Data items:
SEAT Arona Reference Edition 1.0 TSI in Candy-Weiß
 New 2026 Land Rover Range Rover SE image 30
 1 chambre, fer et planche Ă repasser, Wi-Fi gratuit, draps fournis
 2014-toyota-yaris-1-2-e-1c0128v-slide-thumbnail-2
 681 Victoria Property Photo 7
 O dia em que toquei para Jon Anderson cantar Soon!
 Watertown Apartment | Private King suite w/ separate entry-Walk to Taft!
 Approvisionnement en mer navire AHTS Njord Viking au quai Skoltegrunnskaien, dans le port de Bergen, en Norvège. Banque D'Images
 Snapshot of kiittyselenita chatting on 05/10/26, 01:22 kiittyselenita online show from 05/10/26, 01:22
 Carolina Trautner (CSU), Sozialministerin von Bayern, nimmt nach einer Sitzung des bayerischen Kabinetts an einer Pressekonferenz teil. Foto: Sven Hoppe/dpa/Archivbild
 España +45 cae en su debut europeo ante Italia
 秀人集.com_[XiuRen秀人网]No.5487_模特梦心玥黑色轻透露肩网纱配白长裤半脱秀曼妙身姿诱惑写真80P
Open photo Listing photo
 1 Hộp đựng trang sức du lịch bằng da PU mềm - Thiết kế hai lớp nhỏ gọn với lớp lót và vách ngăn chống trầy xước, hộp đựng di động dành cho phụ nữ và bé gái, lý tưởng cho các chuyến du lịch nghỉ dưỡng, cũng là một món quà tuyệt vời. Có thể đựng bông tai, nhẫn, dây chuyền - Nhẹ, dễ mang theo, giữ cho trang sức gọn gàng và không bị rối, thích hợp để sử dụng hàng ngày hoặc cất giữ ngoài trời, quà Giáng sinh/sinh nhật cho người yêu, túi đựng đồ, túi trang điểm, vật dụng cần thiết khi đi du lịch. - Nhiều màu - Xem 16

## THE TASK
Starting with the line that holds "New 2026 Land Rover Range Rover SE image 30" and ending with the line that holds "España +45 cae", retype every line in the data above exactly, and nothing else.

## ANSWER SECTION
 New 2026 Land Rover Range Rover SE image 30
 1 chambre, fer et planche Ă repasser, Wi-Fi gratuit, draps fournis
 2014-toyota-yaris-1-2-e-1c0128v-slide-thumbnail-2
 681 Victoria Property Photo 7
 O dia em que toquei para Jon Anderson cantar Soon!
 Watertown Apartment | Private King suite w/ separate entry-Walk to Taft!
 Approvisionnement en mer navire AHTS Njord Viking au quai Skoltegrunnskaien, dans le port de Bergen, en Norvège. Banque D'Images
 Snapshot of kiittyselenita chatting on 05/10/26, 01:22 kiittyselenita online show from 05/10/26, 01:22
 Carolina Trautner (CSU), Sozialministerin von Bayern, nimmt nach einer Sitzung des bayerischen Kabinetts an einer Pressekonferenz teil. Foto: Sven Hoppe/dpa/Archivbild
 España +45 cae en su debut europeo ante Italia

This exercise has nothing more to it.